Medicare Access & CHIP Reauthorization Act (MACRA) defines how Medicare will reimburse physicians in the future, with greater emphasis on quality, value and physicians taking more financial risks. This law introduces certain changes in the ways that Medicare providers get reimbursement for taking care of Medicare beneficiaries. Some of the properties of MACRA include:
- It repeals the SGR (Sustainable Growth rate) Formula
- It changes the way Medicare gives rewards to clinicians for value-based volume
- It streamlines several quality programs into MIPS (merit-based incentive payment system)
- It facilitates bonus payments for APM (Alternative Payment Models) participants
The new changes create a Quality Payment Program (QPP), which is also the final piece of guidance for MACRA 2015. The changes are set to come into effect from January 1, 2017. Under MACRA, physicians can choose one of the 2 payment methods that are based on certain performance and quality measures – Merit-based Incentive Payment System & Alternative Payment Methods.
Challenges that Lie Ahead
It is a widely acknowledged fact that making the complicated MACRA quality incentive feature work in clinical practice poses major challenges. Some of those include:
- It will take all stakeholders to implement MACRA guidelines successfully: With the new update, it becomes essential for all the stakeholders to form new relationships across communities. This will ensure a smooth transition for all of them.
- The pace intended for MACRA implementation is a bit too far-fetched: While MACRA guidelines are set to have some positive effects, implementing it so extensively in one go can have certain repercussions. The process could have been dealt with a bit more specifically.

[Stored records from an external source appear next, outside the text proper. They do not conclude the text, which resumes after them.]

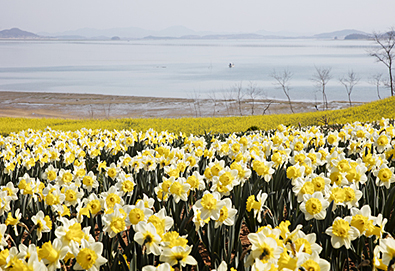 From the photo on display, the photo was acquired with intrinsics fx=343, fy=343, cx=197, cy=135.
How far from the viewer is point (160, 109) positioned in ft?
101

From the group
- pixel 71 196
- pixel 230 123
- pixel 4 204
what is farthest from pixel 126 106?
pixel 71 196

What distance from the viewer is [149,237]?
1871 mm

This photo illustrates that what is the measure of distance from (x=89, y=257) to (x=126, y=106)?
102 ft

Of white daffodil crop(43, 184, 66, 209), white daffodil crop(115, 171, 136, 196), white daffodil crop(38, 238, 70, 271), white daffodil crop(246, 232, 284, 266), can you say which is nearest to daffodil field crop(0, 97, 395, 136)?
white daffodil crop(115, 171, 136, 196)

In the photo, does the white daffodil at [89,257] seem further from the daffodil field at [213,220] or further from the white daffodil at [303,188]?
the white daffodil at [303,188]

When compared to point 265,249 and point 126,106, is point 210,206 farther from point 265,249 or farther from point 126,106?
point 126,106

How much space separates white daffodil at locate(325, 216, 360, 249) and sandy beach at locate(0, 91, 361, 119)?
24935mm

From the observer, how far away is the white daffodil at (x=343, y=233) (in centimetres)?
191

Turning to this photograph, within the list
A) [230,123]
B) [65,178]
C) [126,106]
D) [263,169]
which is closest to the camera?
[263,169]

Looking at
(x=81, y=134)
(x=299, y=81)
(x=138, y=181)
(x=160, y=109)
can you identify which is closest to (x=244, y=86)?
(x=299, y=81)

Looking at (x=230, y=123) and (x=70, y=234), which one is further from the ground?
(x=70, y=234)

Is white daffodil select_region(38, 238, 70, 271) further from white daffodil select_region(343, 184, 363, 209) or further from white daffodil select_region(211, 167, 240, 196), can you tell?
white daffodil select_region(343, 184, 363, 209)

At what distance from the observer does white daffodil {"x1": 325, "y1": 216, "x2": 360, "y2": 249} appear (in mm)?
1911

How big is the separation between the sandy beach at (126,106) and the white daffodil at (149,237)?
2519cm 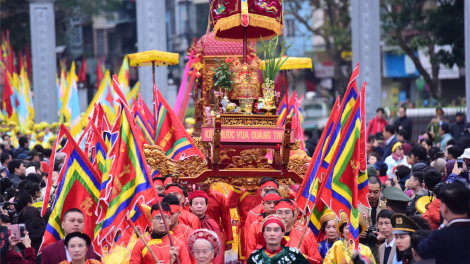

- Dedicated MACRA proficiency will be indispensable: Becoming familiar with and keeping up with an entirely new program will be difficult for day-to-day operational staff members. To deal with it, medical practitioners will need a source of accurate, reliable information as the program evolves.
- Reporting requirements will increase with MIPS: Implementing MIPS will bring a significant burden on small medical facilitators due to extensive reporting requirements. The need is to reduce this burden and show more of meaningful quality performance metrics
- Physicians in APMs can lose money by taking on too much of downside risk: MACRA APM implementation puts metrics in the hands of the physicians. While this can help them gain too, it has a downside too, which can push them towards losing more money instead under some provisions.
- Implementation of Technology that continues to assume increasingly weighty roles: Many of MIPS related requirements are dependent on the use of technology. Technological advancements find their place in daily operations as well as reporting all kinds of mechanisms. This will, in turn, take the burden of manual work off shoulders of facilitators by a significant margin.
Timeline Overview
- July 2015 – December 2015: Medicare physician payments surged by 0.5%.
- 2016 – 2019: Medicare physician payments will continue to increase by 0.5% each year.
- January 2019 onwards: Based on eligibility, physicians will enter either the APM or the MIPS track.
- 2020 through 2025: Medicare physician fee-for-service payments will remain at 2019 levels with no new updates.